● Data provided:
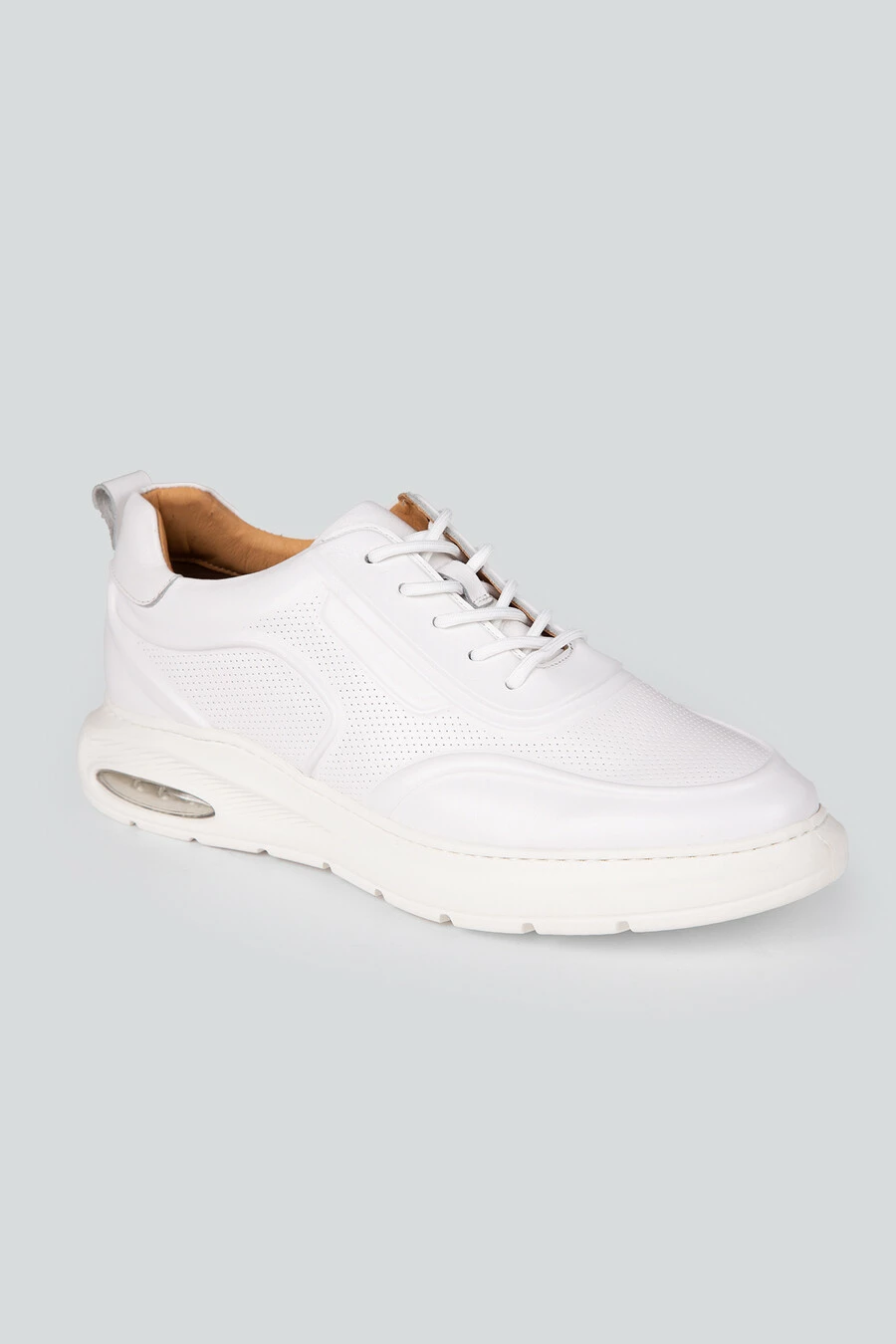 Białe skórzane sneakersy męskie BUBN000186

---

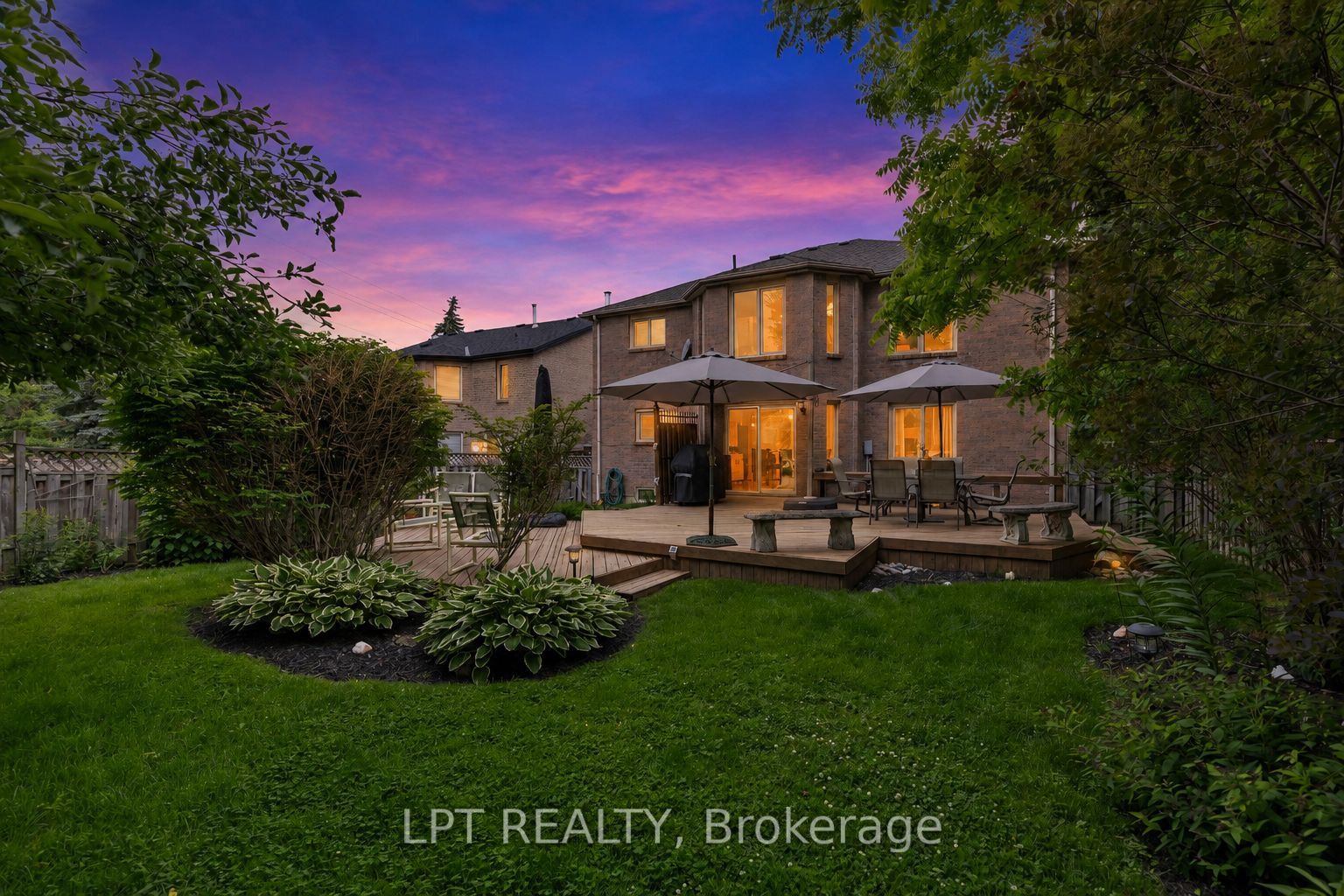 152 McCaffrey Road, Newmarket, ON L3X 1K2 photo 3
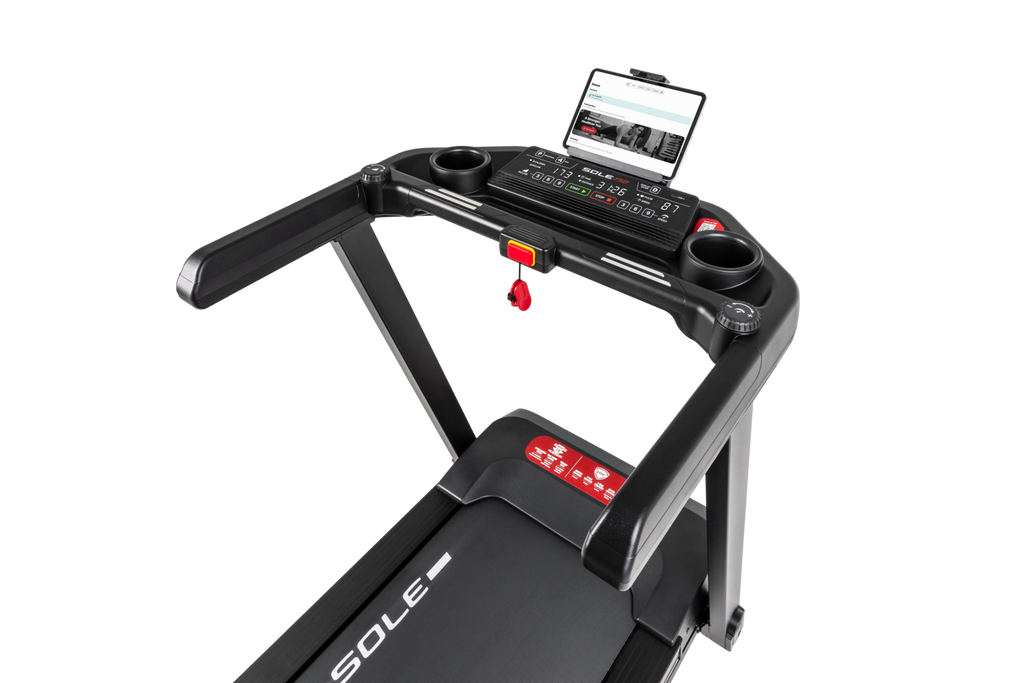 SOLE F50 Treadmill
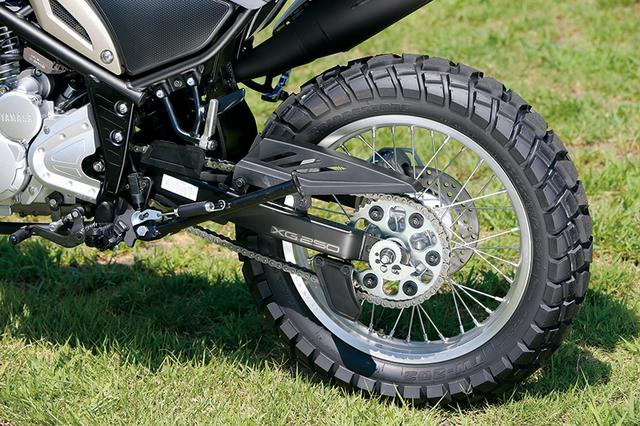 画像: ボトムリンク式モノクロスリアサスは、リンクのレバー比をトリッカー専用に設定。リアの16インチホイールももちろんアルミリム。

* * *

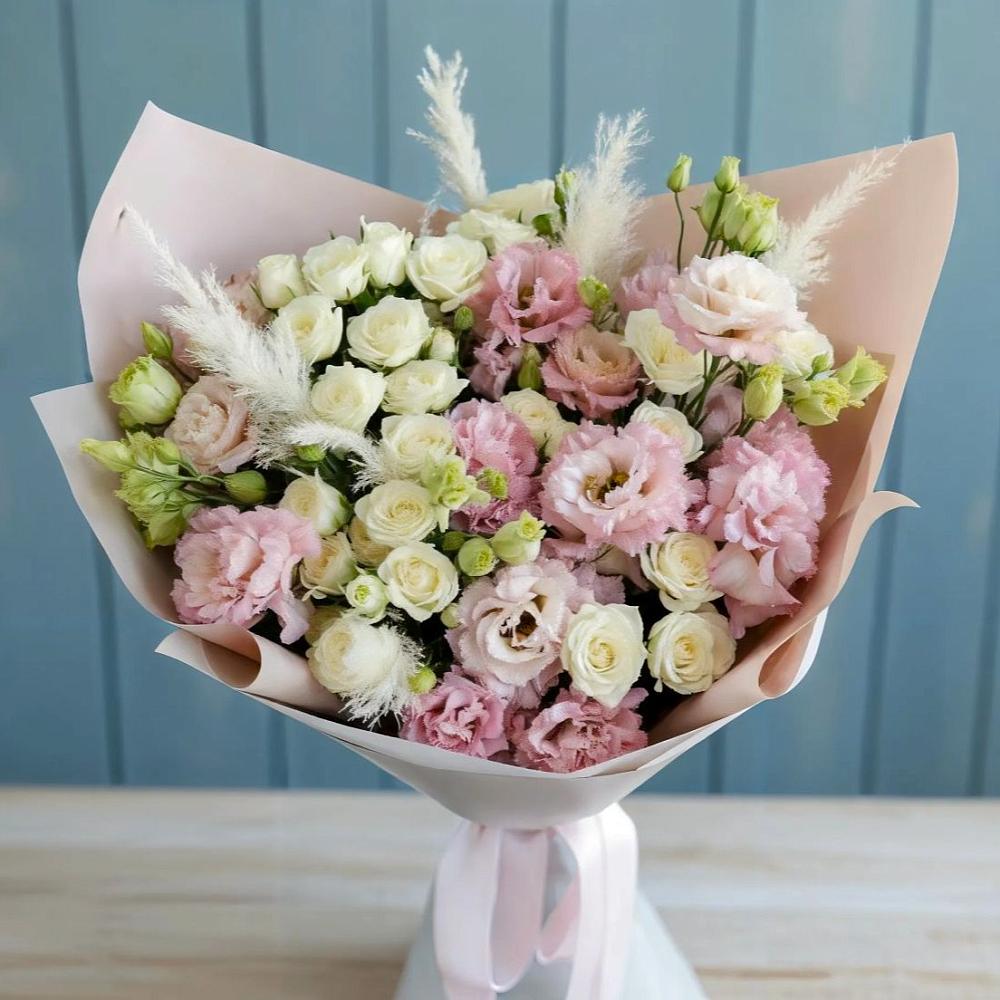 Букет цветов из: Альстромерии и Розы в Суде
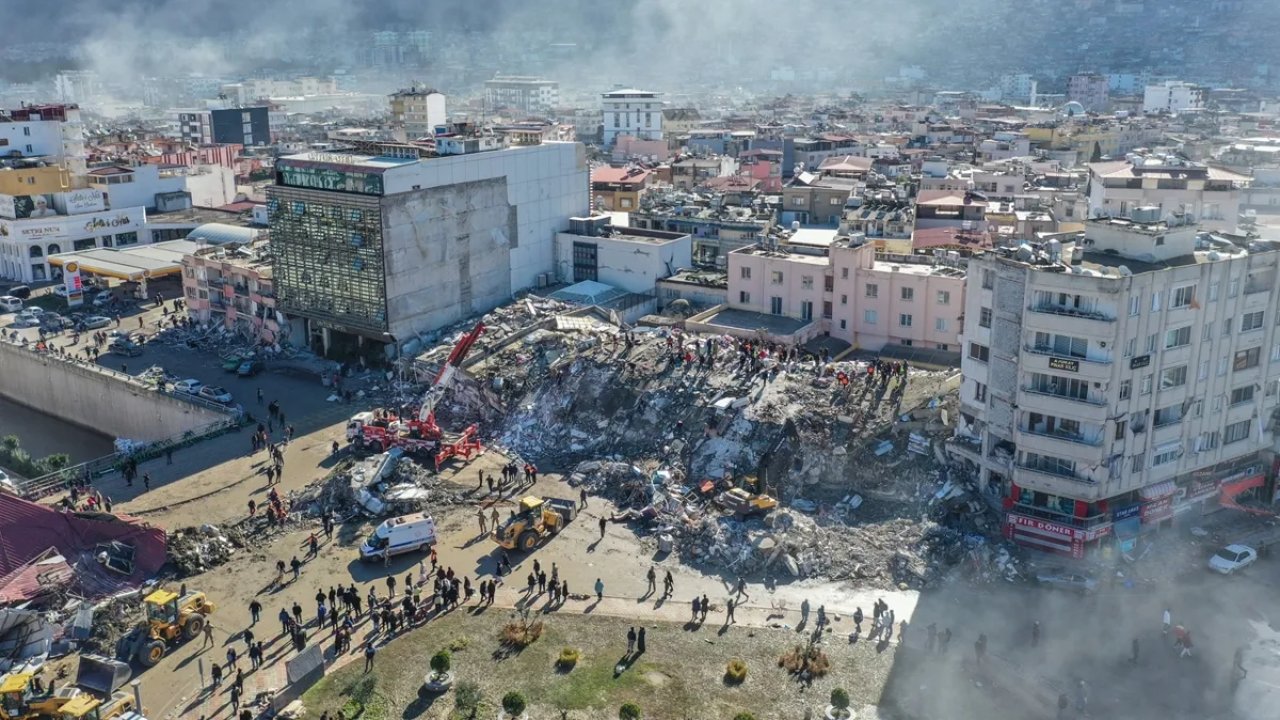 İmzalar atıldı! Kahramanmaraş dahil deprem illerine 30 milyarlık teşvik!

● The problem: Whatever pictures the records hold, omit them; give again exactly the lines from the one containing "Букет цветов из: Альстромерии и Розы в Суде" through the one containing "İmzalar atıldı! Kahramanmaraş".

● Task answer:
 Букет цветов из: Альстромерии и Розы в Суде
 İmzalar atıldı! Kahramanmaraş dahil deprem illerine 30 milyarlık teşvik!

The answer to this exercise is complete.